The Rutgers football program can officially breathe a huge sigh of relief.

As the culmination of a two-year investigation into the football program, the NCAA on Friday announced its final ruling on a case involving Rutgers. Despite a failure to monitor charge, the NCAA essentially accepted the sanctions the university had previously self-imposed on itself for violations ranging from academic improprieties to drug-testing irregularities to lack of oversight in the recruiting ambassador program.

Below are the original penalties self-imposed by the program:


  • a 1-year probation period
  • a $5,000 fine
  • a reduction of 10 off-campus recruiting days (five in the fall of 2017-18 and five in the spring)
  • a limit of 36 official visits hosted, 26 lower than the limit
  • a 1-week ban on initiating phone calls, contact on social media and written correspondence to recruits

The only change made by the NCAA was bumping the probation period from one year to two.
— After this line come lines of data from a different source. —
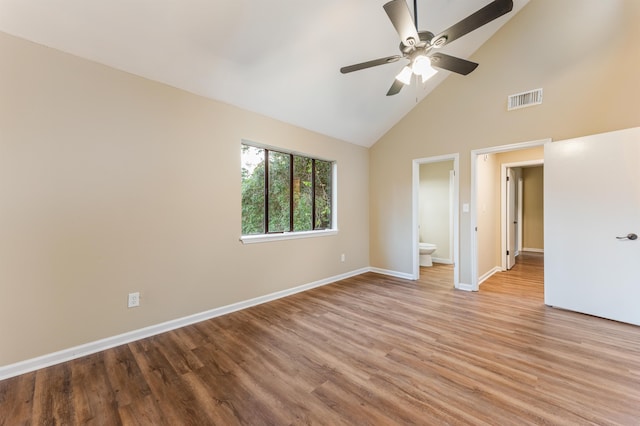 2053 Ted Hines Dr, Tallahassee, FL 32308 - unfurnished bedroom featuring high vaulted ceiling, wood finished floors, ensuite bathroom, and a ceiling fan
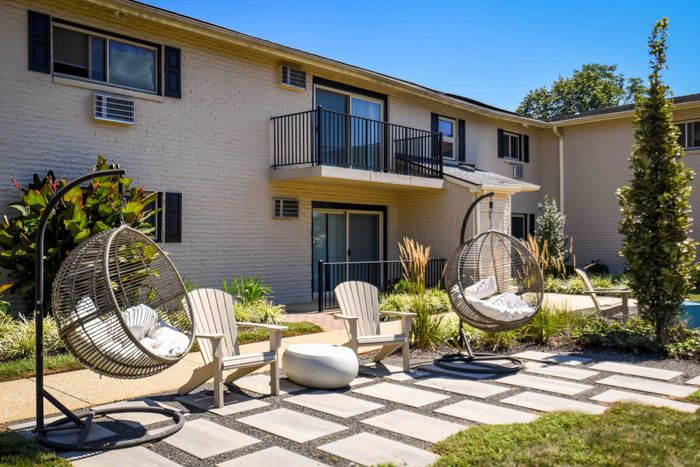 Inviting apartment exterior with modern balconies, stylish egg chairs, and lush landscaping, perfect for relaxation.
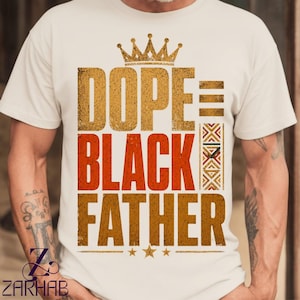 Puede incluir: Una camiseta de manga corta color crema con un estampado gráfico desgastado. El diseño incluye una corona dorada sobre el texto DOPE en oro, BLACK en naranja y FATHER en oro, con un patrón geométrico vertical y tres estrellas pequeñas.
Additionally, former head coach Kyle Flood, now an assistant with the NFL’s Atlanta Falcons, received a one-year show-cause.
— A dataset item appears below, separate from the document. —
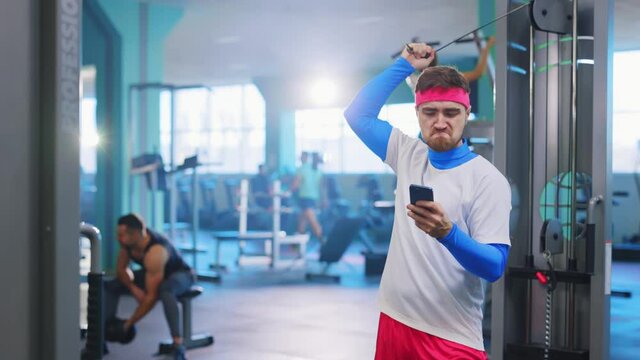 Funny caucasian weak athlete exercising on gym equipment getting motivated by fitness pictures on smartphone using device indoors. Fitness parody. Humor concept.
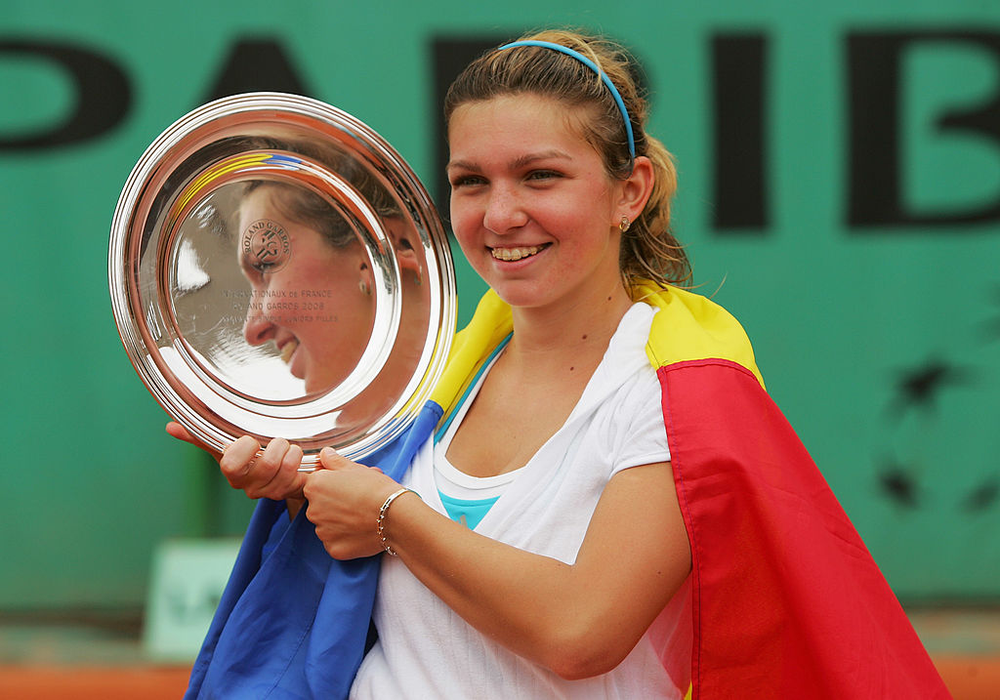 PARIS - JUNE 08:  Simona Halep of Romania celebrates her victory during the Girl's Singles Final match against Elena Bogdan of Romania on day fifteen of the French Open at Roland Garros on June 8, 2008 in Paris, France.  (Photo by Matthew Stockman/Getty Images)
The NCAA had particularly pointed words for Flood.

“The former head coach took a casual approach to compliance as it relates to the host program,” the panel said in its decision. “He exercised little, if any, oversight of the group, permitting recruiting staff to administer the program with no supervision. As the individual who had ultimate oversight of all aspects of the football program, it is implicit that the head coach was also responsible for the actions of football hosts and, ultimately, the violations they committed.”
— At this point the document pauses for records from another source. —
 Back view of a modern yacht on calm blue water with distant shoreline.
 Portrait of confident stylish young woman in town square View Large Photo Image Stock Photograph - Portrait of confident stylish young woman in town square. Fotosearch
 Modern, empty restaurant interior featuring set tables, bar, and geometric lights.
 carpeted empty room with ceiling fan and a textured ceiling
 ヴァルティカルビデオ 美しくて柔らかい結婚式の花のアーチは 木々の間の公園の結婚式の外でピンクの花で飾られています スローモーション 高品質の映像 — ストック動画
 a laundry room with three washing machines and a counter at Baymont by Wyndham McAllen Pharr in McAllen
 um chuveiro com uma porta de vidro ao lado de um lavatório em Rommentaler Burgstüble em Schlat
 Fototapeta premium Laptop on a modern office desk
In September of 2015, Flood was suspended for three games in the wake of a university investigation into his alleged actions. The probe centered on an email that Flood sent from a private email account to an RU faculty member regarding the eligibility of one of his former football players.

That situation was highlighted in the committee’s decision:

In the last instance of not following university policy, the former head coach contacted a student-athlete’s instructor, contrary to university policy, to arrange for extra coursework after the conclusion of the term so the student-athlete could pass the class and be eligible for the fall 2015 season. After contacting the instructor and before meeting with her, the former head coach reached out to an academic support administrator, who warned against contacting the instructor. The former head coach stated he was unaware of university policy prohibiting him from contacting faculty members.

The former head coach provided the student-athlete with an impermissible academic extra benefit when he contacted the instructor to arrange extra coursework, an arrangement that is not available generally to the student body. The instructor ultimately did not accept the extra coursework, and the student-athlete was ineligible for the fall 2015 season.

The NCAA kicked off its probe of the football program in the spring of 2015, prior to Flood’s suspension. The head coach, along with athletic director Julie Hermann, was dismissed in late November of 2015.